* Work item:
Please repeat word for word the line containing "Starlink Mini Case" and every following line up to and including the last one below, pictures excluded.

**** Dataset

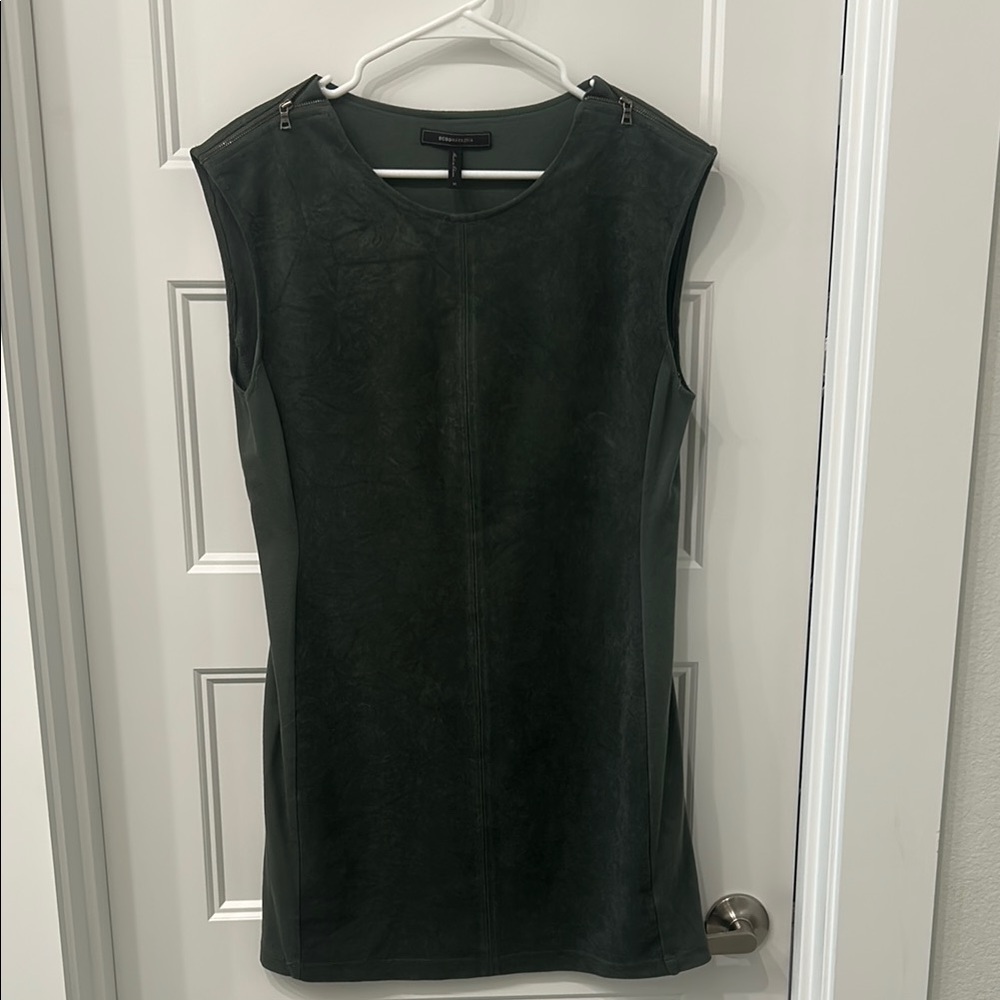 BCBG MaxAzria Dark Green Suede Dress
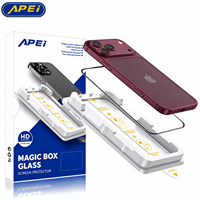 Pemasangan Mudah Magic Box Anti-Sidik Jari Pelindung Layar Kaca Tempered 9H Anti Pecah untuk iPhone 17 18 Pro Max 16 15 Plus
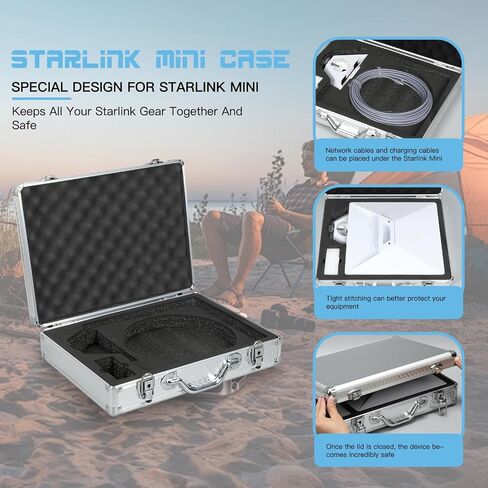Starlink Mini Case - Custom Aluminum Hard Shell Carrying Case, Stylish Design with Protective Foam Lining, Shock-Absorbing Top Cover for Ultimate Protection(silvery) in Saudi Arabia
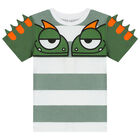 Boys White & Green Chameleon Striped T-Shirt, 1, hi-res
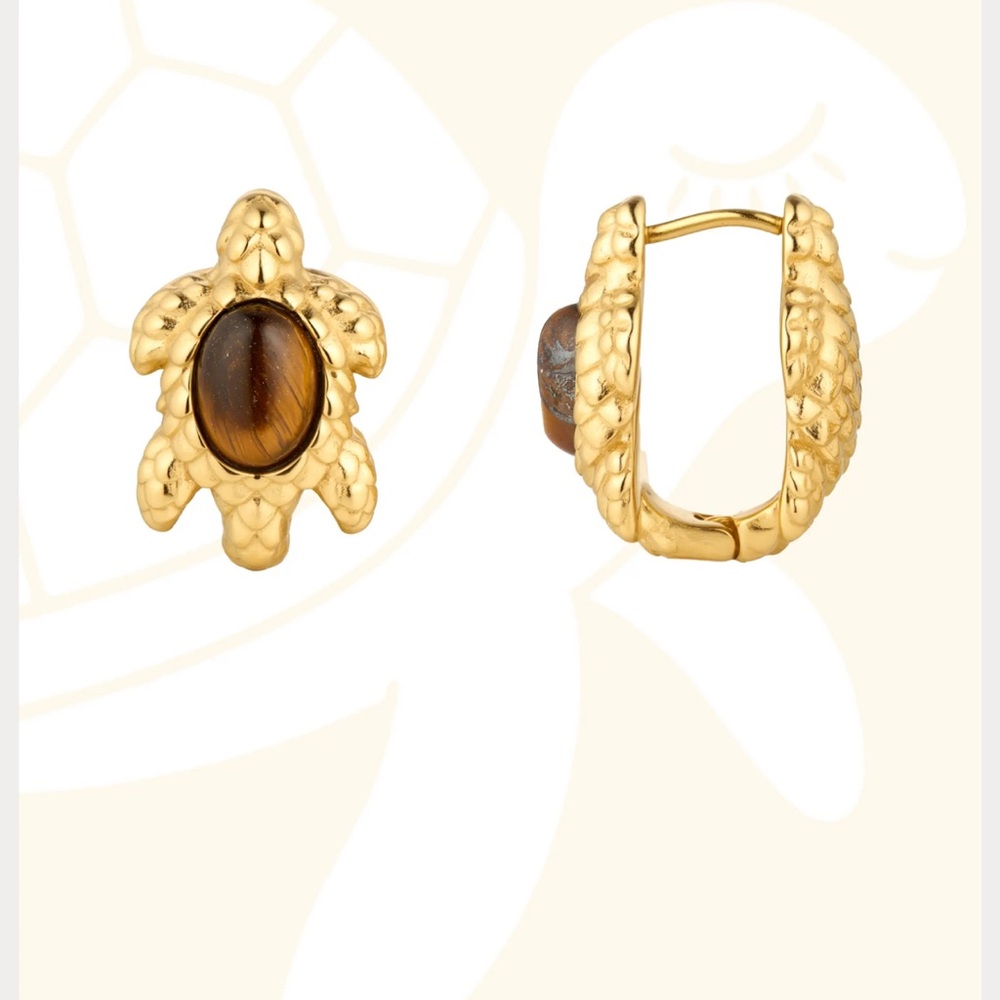 Gold Turtle Earrings with Brown Stone | NWT HEY HARPER JEWELRY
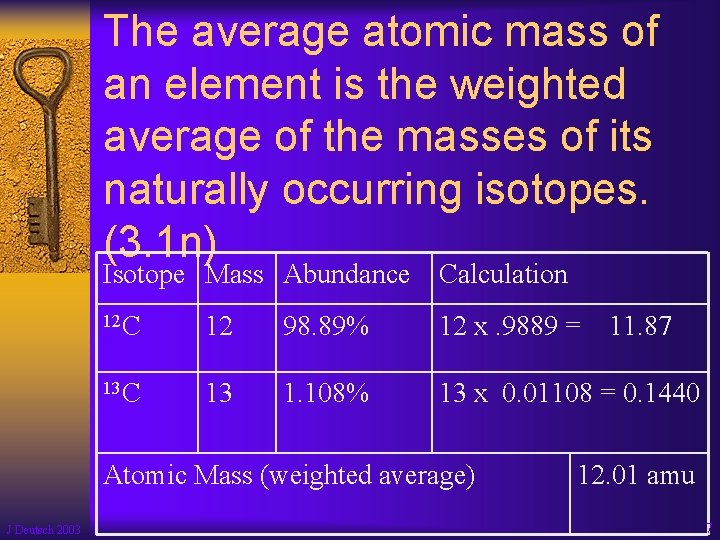 The average atomic mass of an element is the weighted average of the masses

********

* Output for this task:
Starlink Mini Case - Custom Aluminum Hard Shell Carrying Case, Stylish Design with Protective Foam Lining, Shock-Absorbing Top Cover for Ultimate Protection(silvery) in Saudi Arabia
 Boys White & Green Chameleon Striped T-Shirt, 1, hi-res
 Gold Turtle Earrings with Brown Stone | NWT HEY HARPER JEWELRY
 The average atomic mass of an element is the weighted average of the masses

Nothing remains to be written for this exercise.